## ABOUT THIS TASK
Leave out the pictures and print the rest of the entries exactly as they stand.

(GIVEN INFORMATION begins)

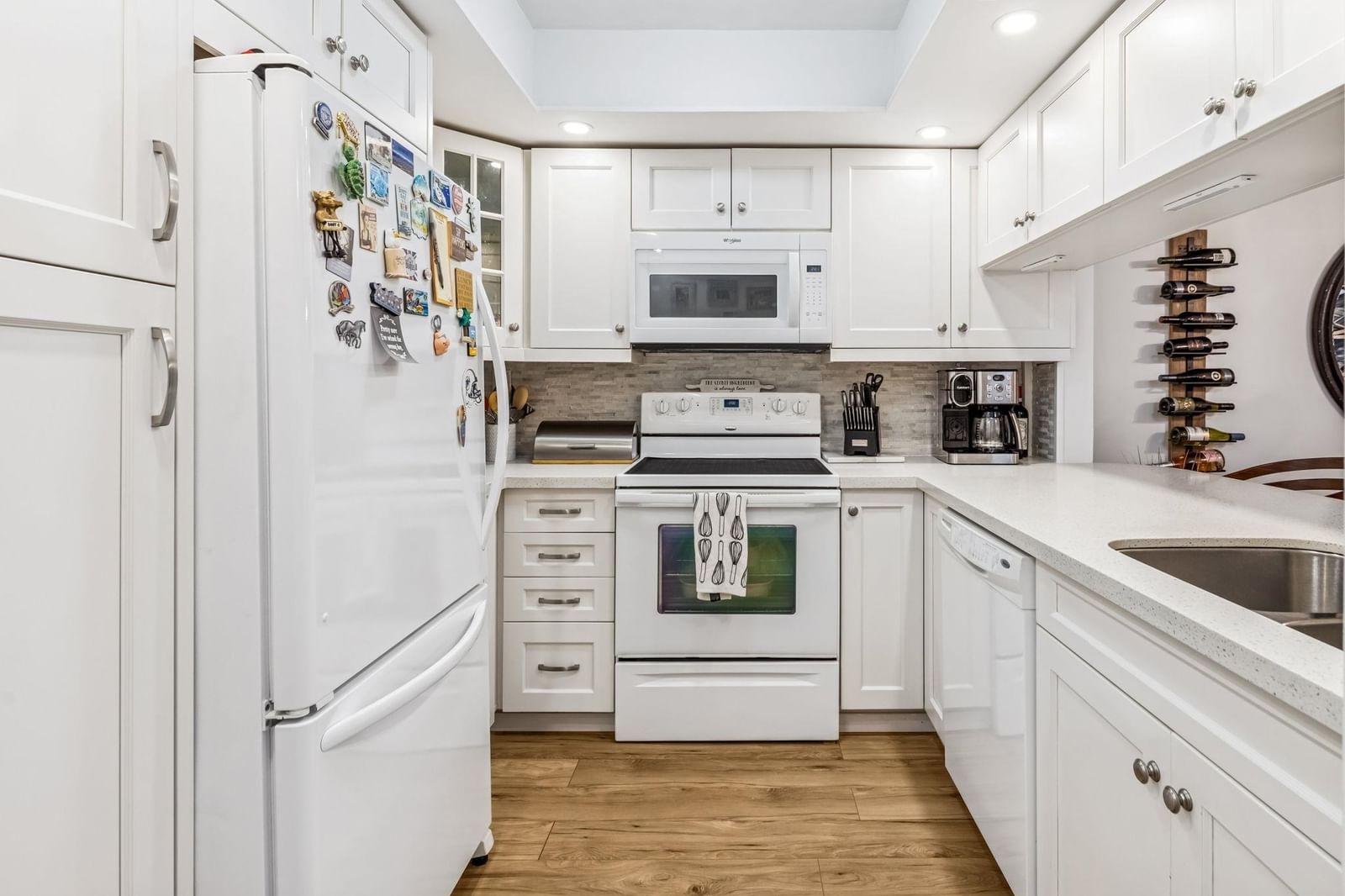 Listing Image 13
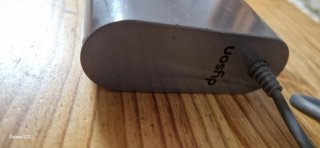 Cargador Dyson V12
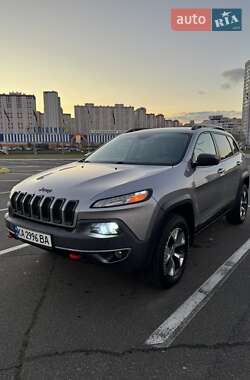 Внедорожник / Кроссовер Jeep Cherokee 2016 в Киеве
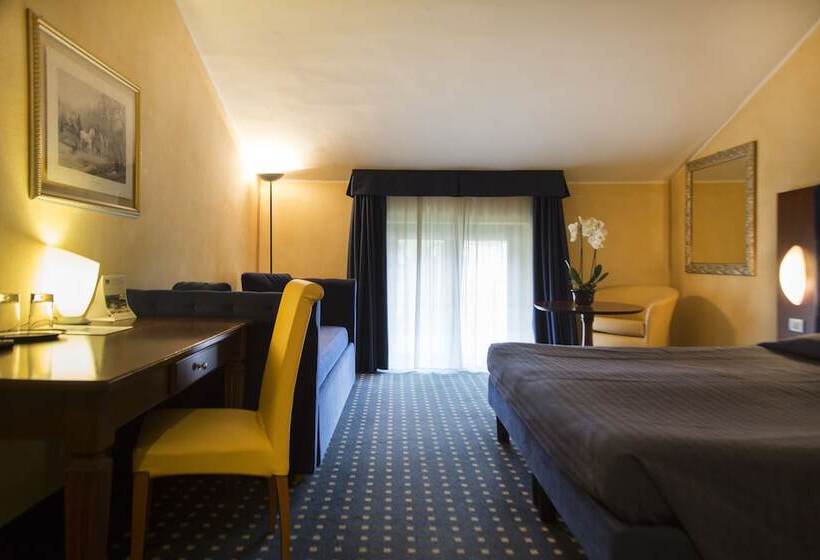 标准三人间, Villa Maria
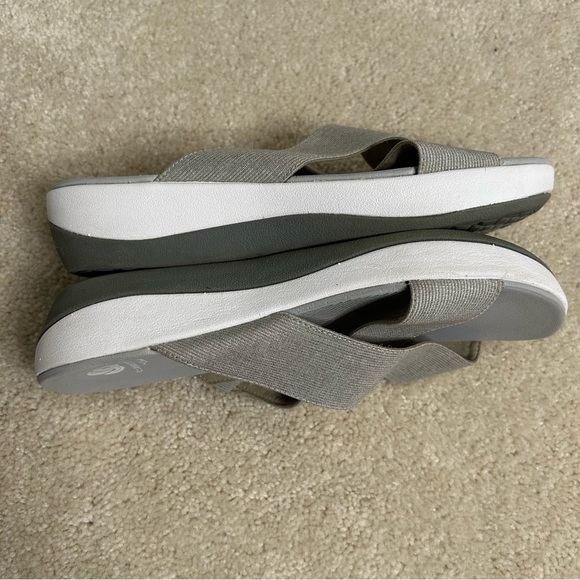 Clarks Cloudsteppers Arla Elin Slide Cushioned Sandals  Sz 9 - Picture 6 of 9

(GIVEN INFORMATION ends)

## OUTPUT FOR THIS EXERCISE
 Listing Image 13
 Cargador Dyson V12
 Внедорожник / Кроссовер Jeep Cherokee 2016 в Киеве
 标准三人间, Villa Maria
 Clarks Cloudsteppers Arla Elin Slide Cushioned Sandals  Sz 9 - Picture 6 of 9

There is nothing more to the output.